È degna di un romanzo d’appendice di fine ’800 la storia delle orfanelle Galletti Abbiosi. Gli elementi ci sono tutti: il rigore quotidiano scandito dalla preghiera e dal lavoro, tra maltrattamenti e privazioni, nel quale erano costrette a vivere tante bambine sfortunate, un conte dal cuore buono che lascia in dono tutti i suoi averi e i poteri forti della città, di ieri e di oggi, chiamati a prendersene cura, rispettando la volontà testamentaria del nobile defunto.

Per capire meglio i fatti occorre tornare indietro al 1867, quando il conte Carlo Galletti Abbiosi, uomo di profonda fede cattolica, sposato alla contessa Gertrude Lovatelli, morì senza lasciare eredi. Il conte, un notaio,  aveva curato il proprio testamento nel minimo dettaglio e in particolare si era preoccupato di garantire un tetto e assistenza alle bambine più povere della città, creando un orfanotrofio che le ospitasse proprio in quel palazzo della centralissima via di Roma, dov’era la sua dimora.

Le bambine alloggiate nell’orfanotrofio tra gli anni ’50 e ’60 del secolo scorso oggi sono anziane signore. Dal dimenticatoio la vicenda di cui sono state protagoniste è salita agli onori della cronaca quando, nel 2009, una ventina di loro (ora sono 130) ha intentato una causa, al fine di vedersi riconosciuta la qualità di eredi e la restituzione conseguente dei beni del conte, nei confronti della fondazione Istituzioni di Assistenza Riunite Galletti Abbiosi, Mons. Giulio Morelli, Pallavicini Baronio, presieduta dall’arcivescovo di Ravenna Giuseppe Verucchi. Mercoledì 18 aprile, al tribunale di Ravenna, si terrà la sesta udienza del processo.

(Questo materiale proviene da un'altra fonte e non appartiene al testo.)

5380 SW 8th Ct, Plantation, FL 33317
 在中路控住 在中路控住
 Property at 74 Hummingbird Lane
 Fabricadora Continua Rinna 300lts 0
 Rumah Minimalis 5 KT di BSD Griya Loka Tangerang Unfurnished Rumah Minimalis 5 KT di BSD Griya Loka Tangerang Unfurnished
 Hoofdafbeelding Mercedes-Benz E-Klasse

Il testamento. In ottemperanza alla volontà del conte, il 5 aprile 1877 un regio decreto sancì la nascita dell’orfanotrofio femminile di Ravenna, ma ci vollero altri 20 anni, perché la casa d’accoglienza, gestita da suore, entrasse in funzione. Nel 1897 arrivarono le prime bambine. Per provvedere al loro mantenimento il conte stabilì che si utilizzassero i proventi dei suoi poderi. Negli anni successivi non mancarono tante donazioni di altre famiglie abbienti.

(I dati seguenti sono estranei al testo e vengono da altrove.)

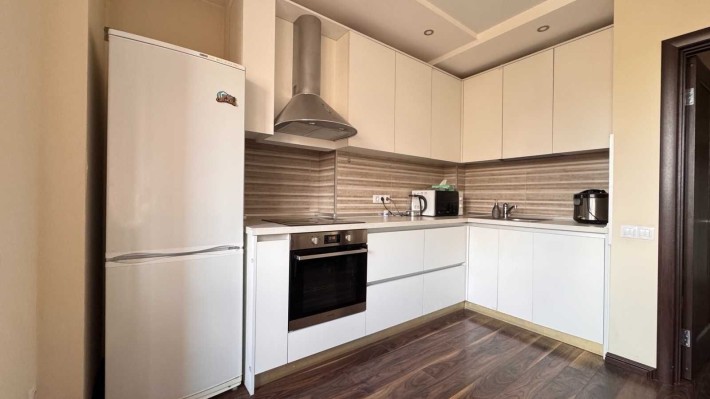 Сдам 1 ком. квартиру в ЖК Молодежном, 56м2, 4 этаж. Ближняя Алексеевка - фото 1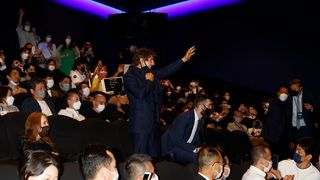 トム・クルーズ、日本のファンと映画館でサプライズ鑑賞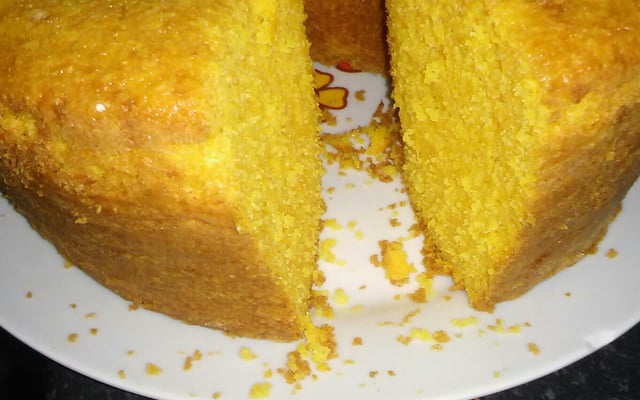Bolo de cenoura com fubá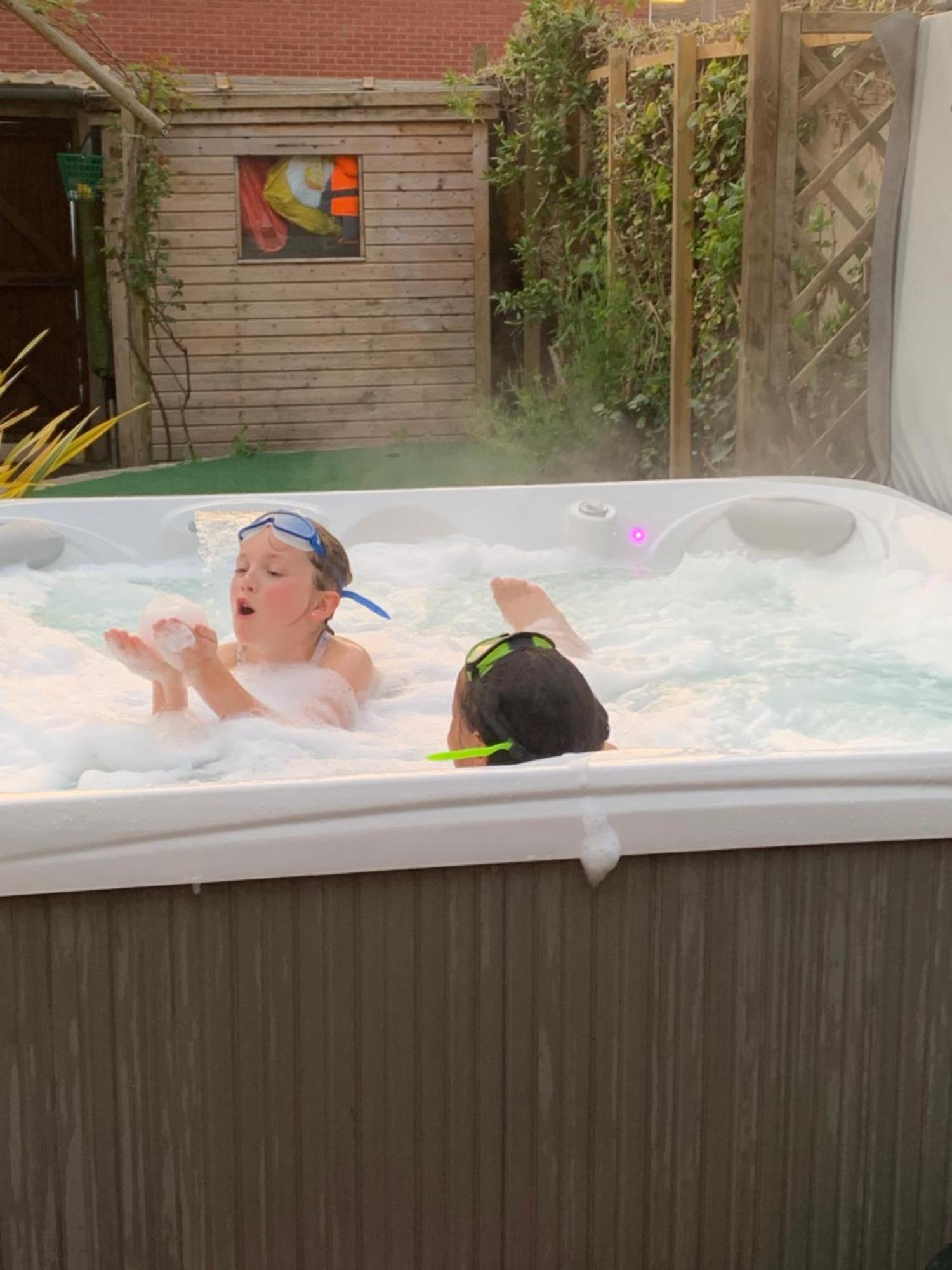 Large Character Home, Hot Tub, 5 Min Walk Holiday home Gorleston-On-Sea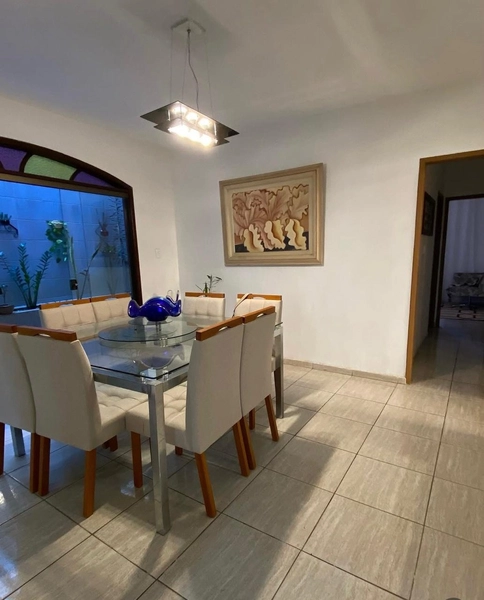 Casa Colonial com Excelente Potencial de Modernização: 19ª foto da galeria de imagens do imóvel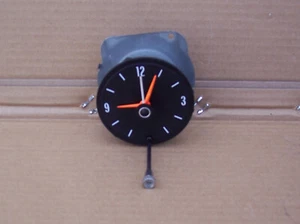 71 75 PONTIAC CATALINA BONNEVILLE GEANDVILLE DASH CLOCK WORKING 72 73 74 - Picture 1 of 2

Il conte indicò sei soggetti come amministratori del lascito: il vescovo, il sindaco, il presidente della Cassa di risparmio di Ravenna (le competenze di quest’ultima sono ora confluite nella fondazione Cassa di Risparmio), il primo massaro della Casa Matha (antichissima corporazione di pescatori risalente al 943 d.C, oggi vicina alla massoneria), il parroco pro tempore della chiesa di San Pietro Maggiore e il canonico più anziano della Metropolitana. Tutti i poteri della città erano e sono coinvolti.

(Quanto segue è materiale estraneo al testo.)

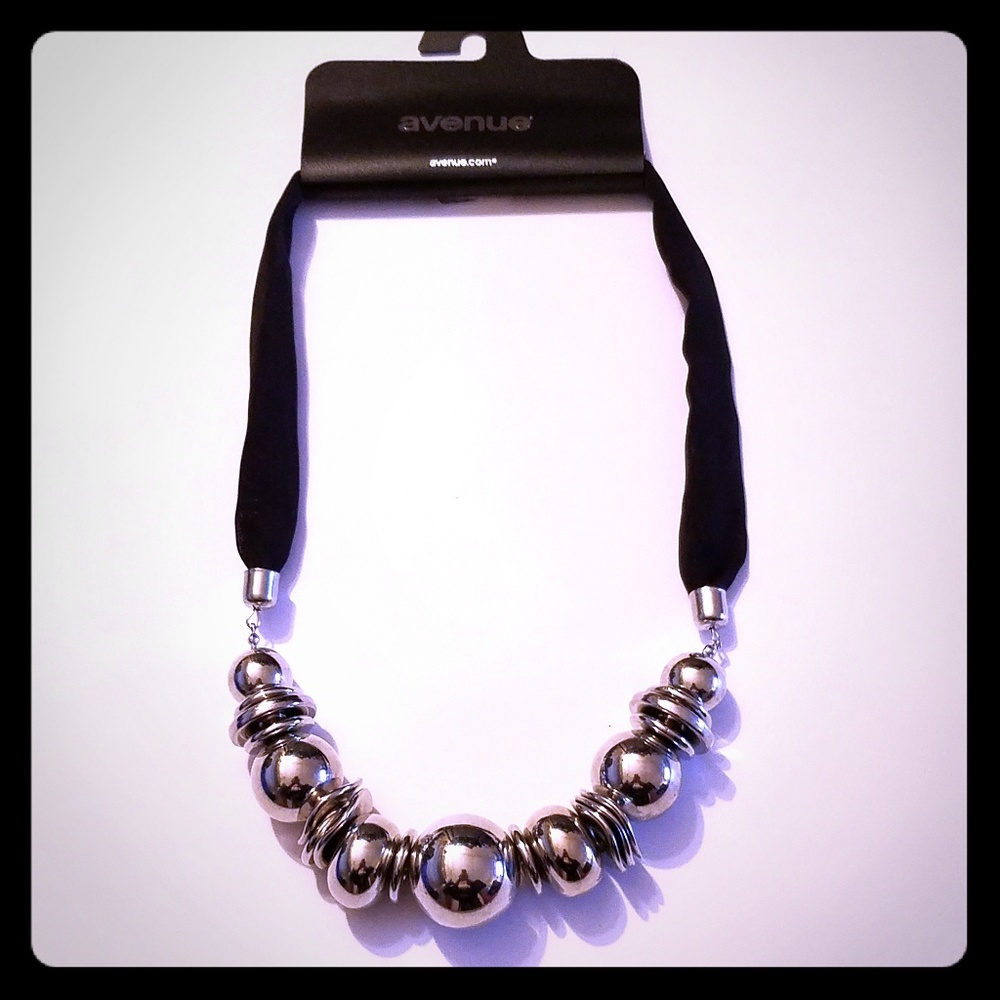 Necklace NWT - Avenue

Il testamento, datato 13 giugno 1864, contiene una clausola risolutiva riguardante l’orfanotrofio. Il paragrafo 10 comma s stabilisce che gli amministratori non avrebbero mai potuto congiungerlo, concentrarlo e incorporarlo con altro istituto, né privato, né di pubblica beneficenza. Nel caso questo fosse accaduto, il conte prescrisse chiaramente, al paragrafo 11, che la sua stessa eredità o il compendio dei beni facente parte della dotazione dell’orfanotrofio cessasse di appartenere agli amministratori e fosse devoluto a tutte le alunne presenti all’epoca degli accadimenti.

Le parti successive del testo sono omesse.